Task to carry out: Output only the lines from the line holding "Фотография является интеллектуальной" through the close of the records, exactly as they appear, with all pictures omitted.

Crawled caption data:

■ ■ ■ ■ ■ ■ ■

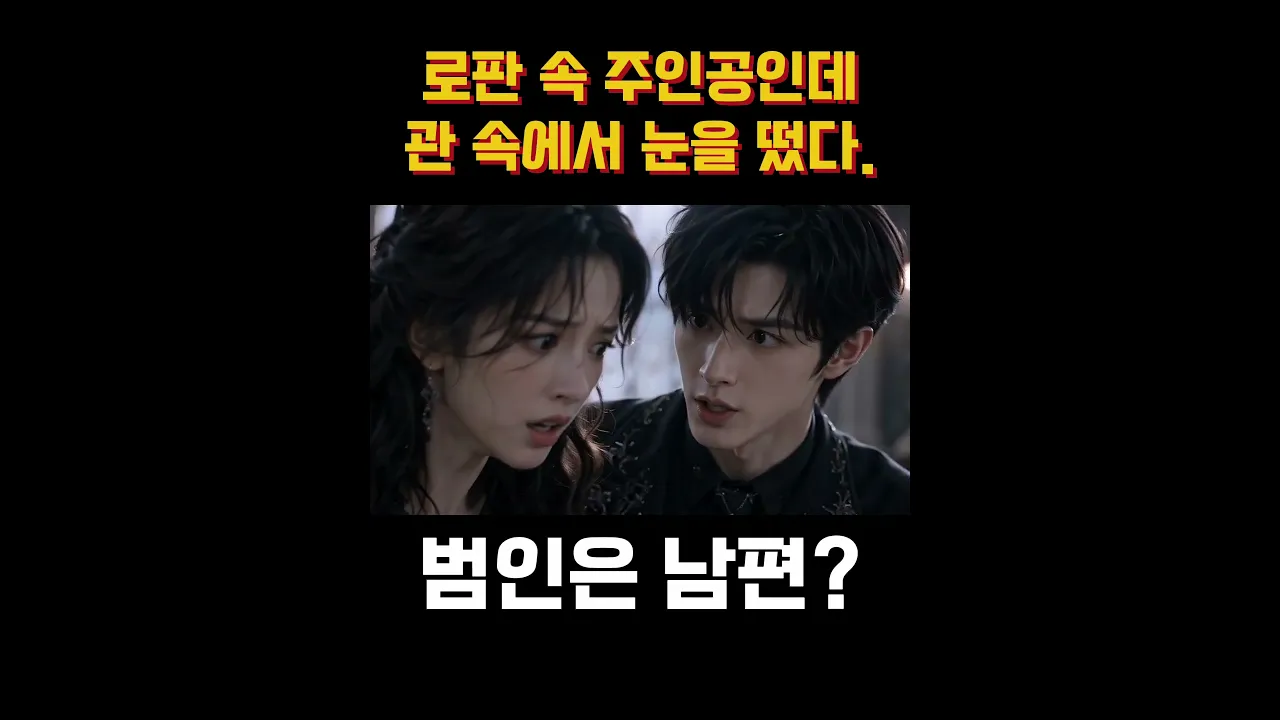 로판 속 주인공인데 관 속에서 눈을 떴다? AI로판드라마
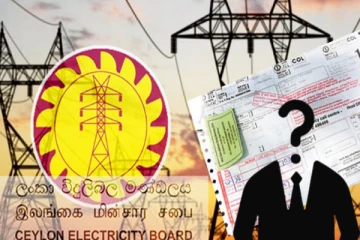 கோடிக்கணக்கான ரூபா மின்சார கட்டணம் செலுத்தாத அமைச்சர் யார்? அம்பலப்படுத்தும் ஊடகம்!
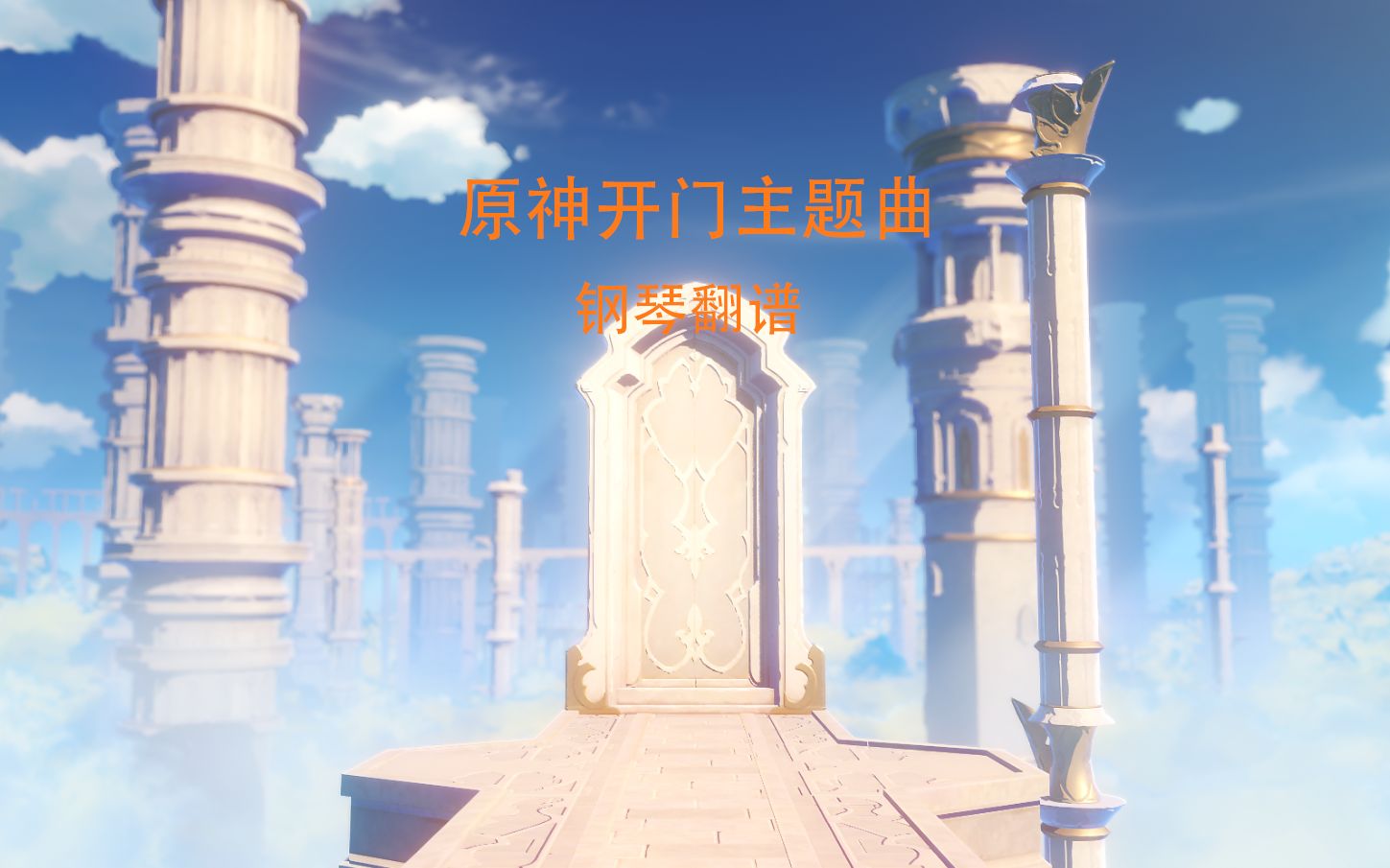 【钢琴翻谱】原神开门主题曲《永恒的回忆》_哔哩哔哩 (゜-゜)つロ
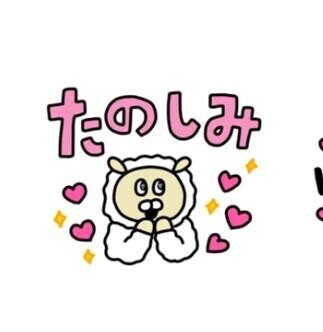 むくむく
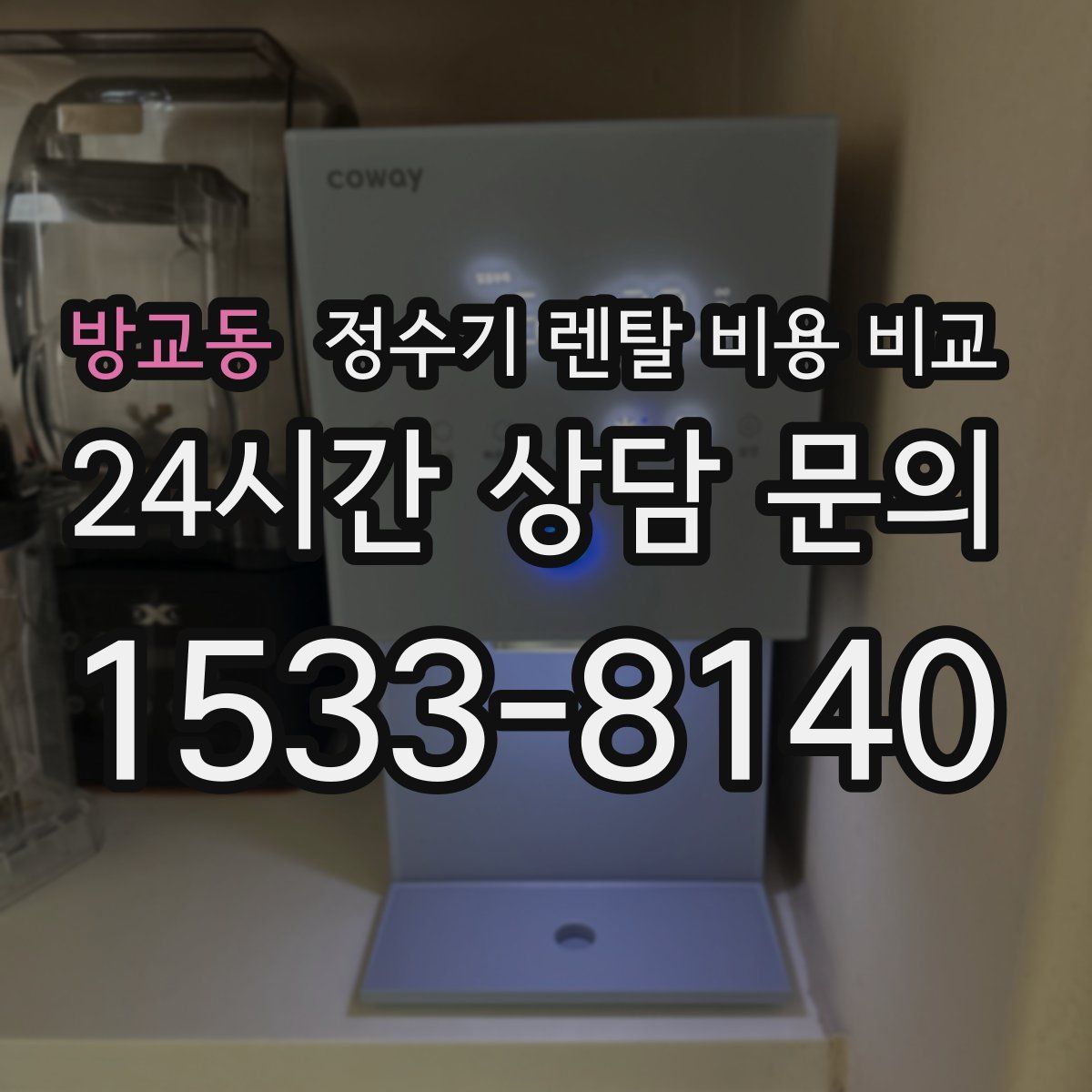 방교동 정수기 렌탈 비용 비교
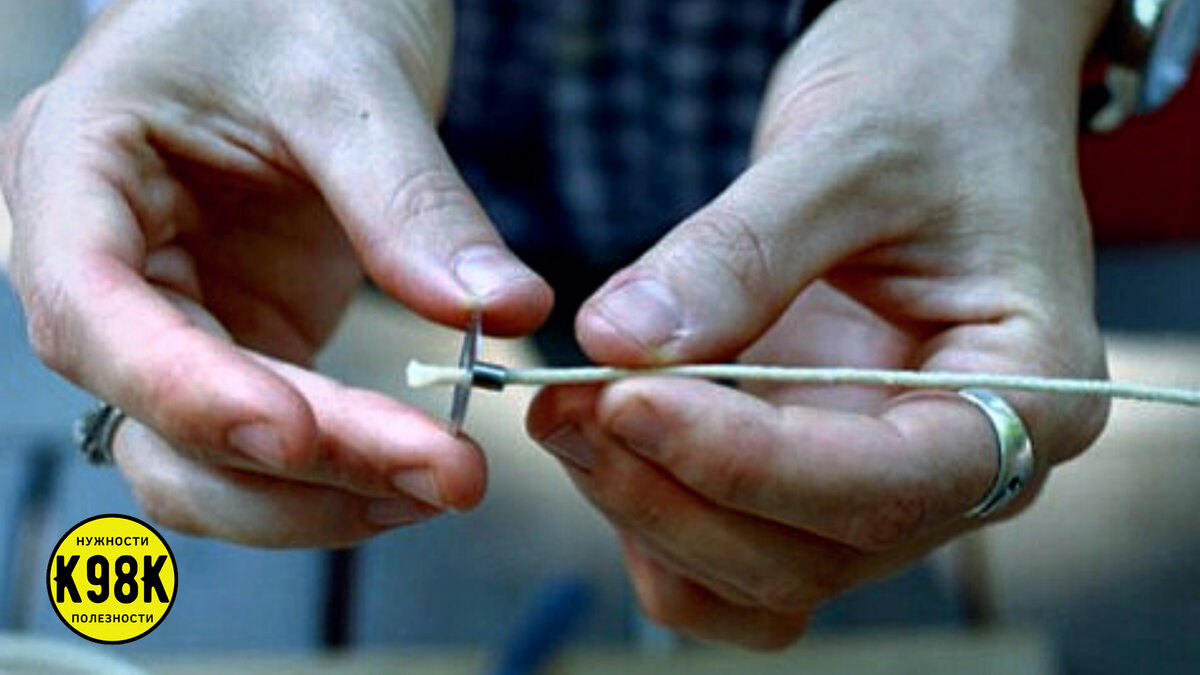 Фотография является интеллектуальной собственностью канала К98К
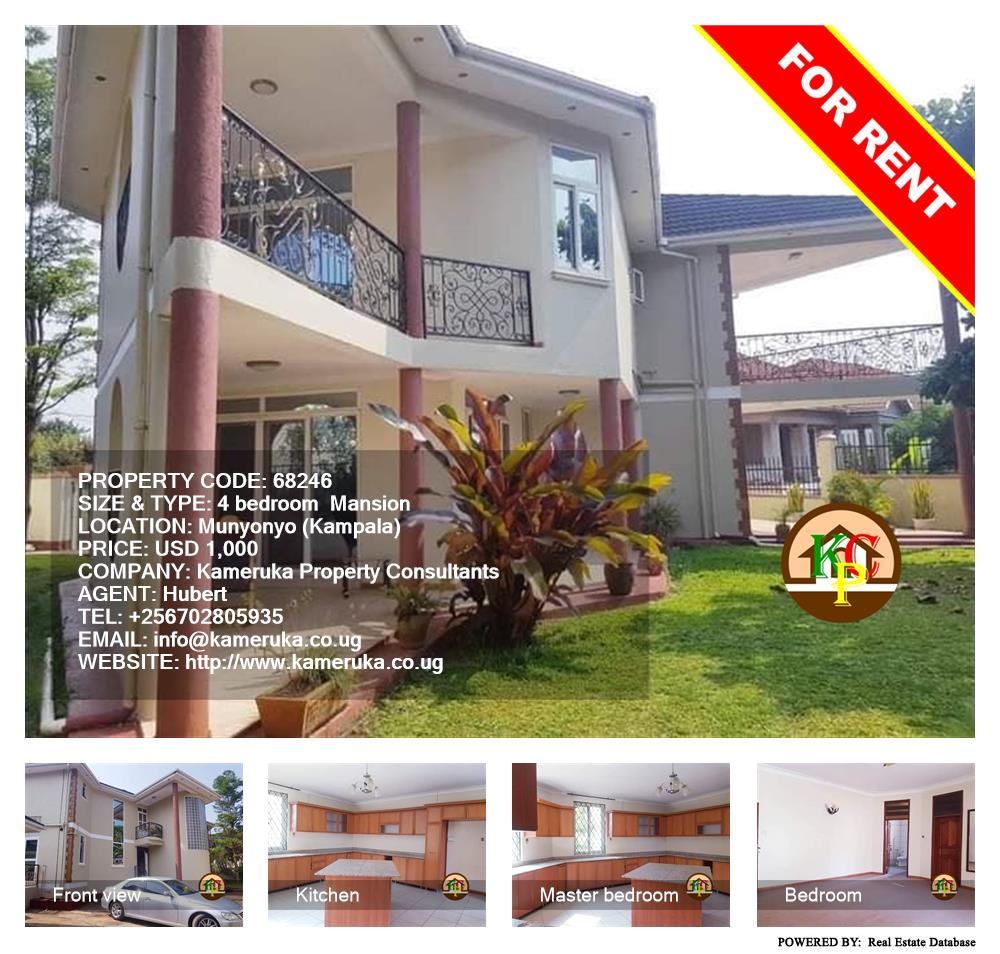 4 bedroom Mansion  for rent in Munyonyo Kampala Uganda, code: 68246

■ ■ ■ ■ ■ ■ ■

Output for this exercise:
 Фотография является интеллектуальной собственностью канала К98К
 4 bedroom Mansion  for rent in Munyonyo Kampala Uganda, code: 68246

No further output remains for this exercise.